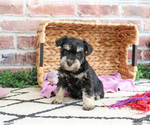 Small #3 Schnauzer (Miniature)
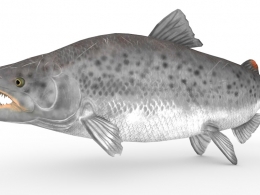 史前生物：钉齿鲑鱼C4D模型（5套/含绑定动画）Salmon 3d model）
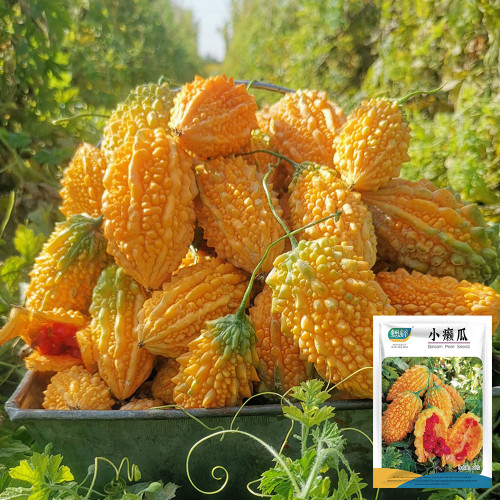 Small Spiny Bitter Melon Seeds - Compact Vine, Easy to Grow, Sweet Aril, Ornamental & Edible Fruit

--

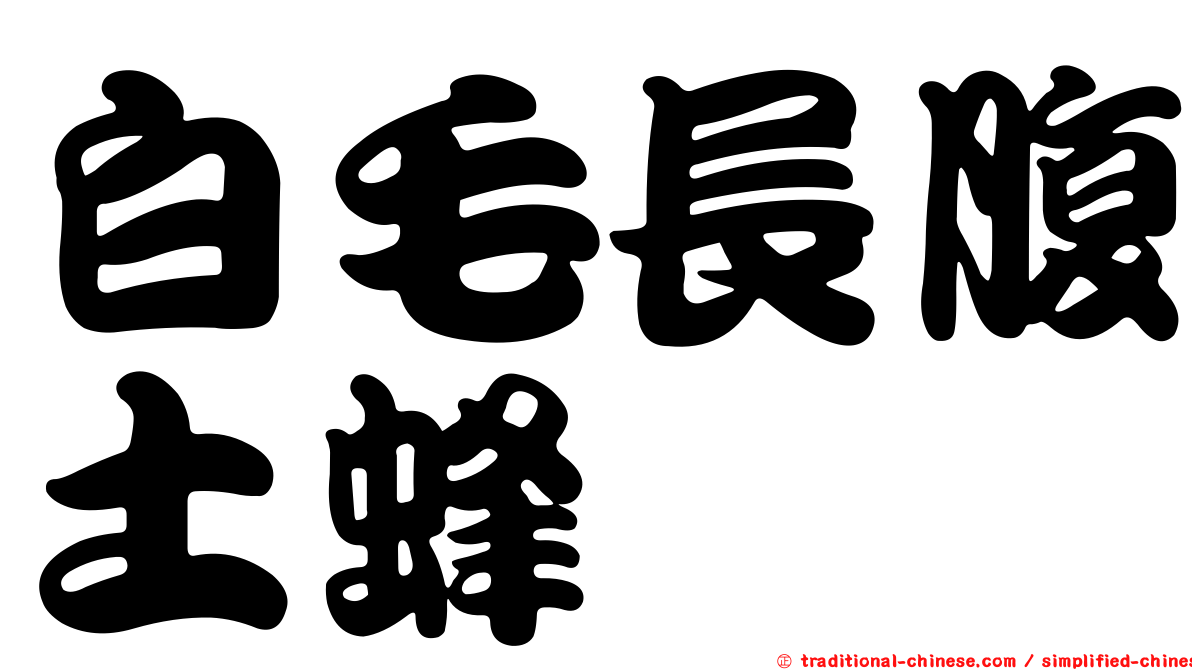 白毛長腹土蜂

* * *

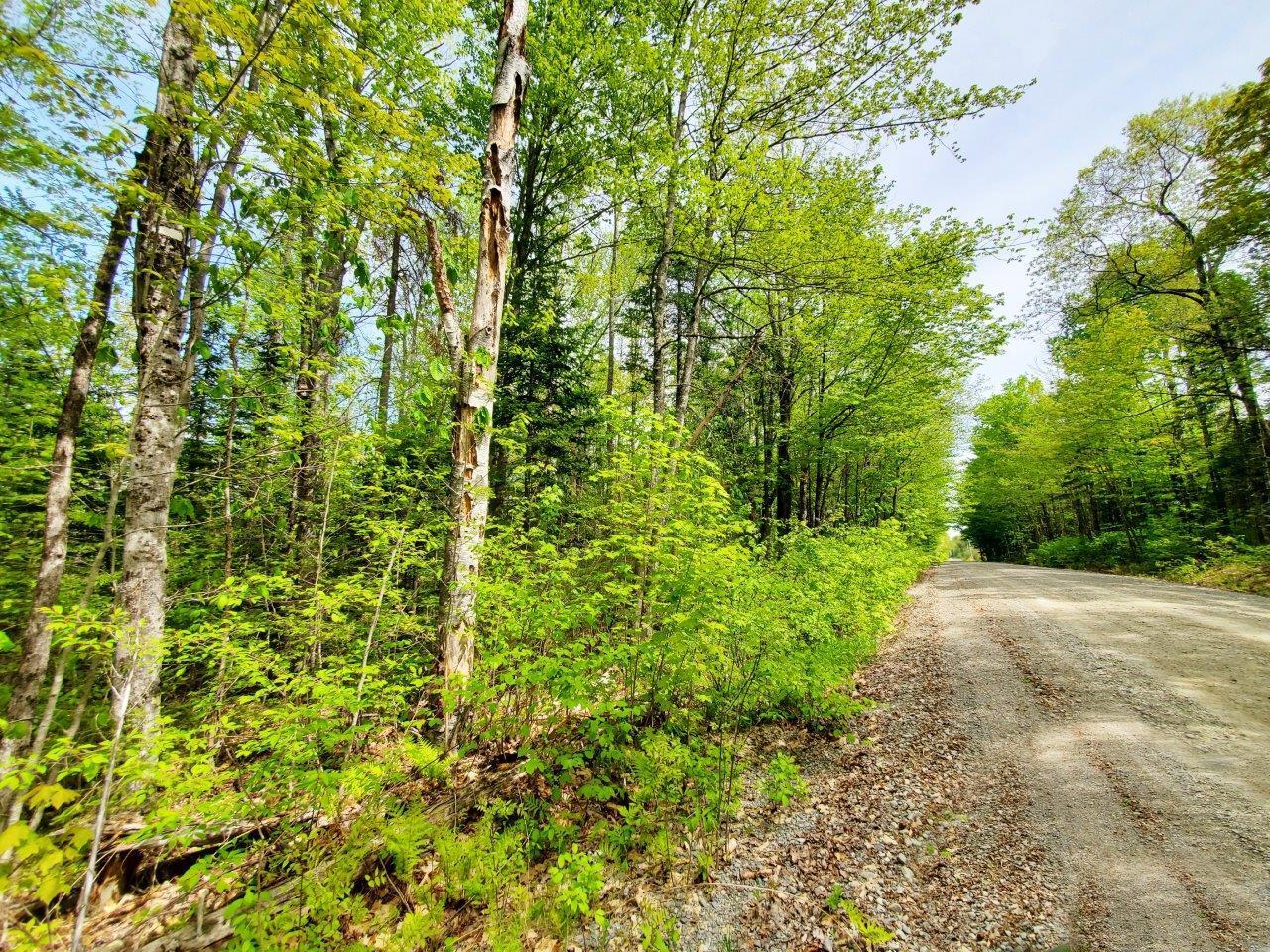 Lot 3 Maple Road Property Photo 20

### ACTION ITEM
Please transcribe exactly the part of the records that opens with the line containing "Small #3 Schnauzer (Miniature)" and closes with the line containing "Small Spiny Bitter", both ends included, and leave out the pictures.

### EXERCISE RESULT
 Small #3 Schnauzer (Miniature)
 史前生物：钉齿鲑鱼C4D模型（5套/含绑定动画）Salmon 3d model）
 Small Spiny Bitter Melon Seeds - Compact Vine, Easy to Grow, Sweet Aril, Ornamental & Edible Fruit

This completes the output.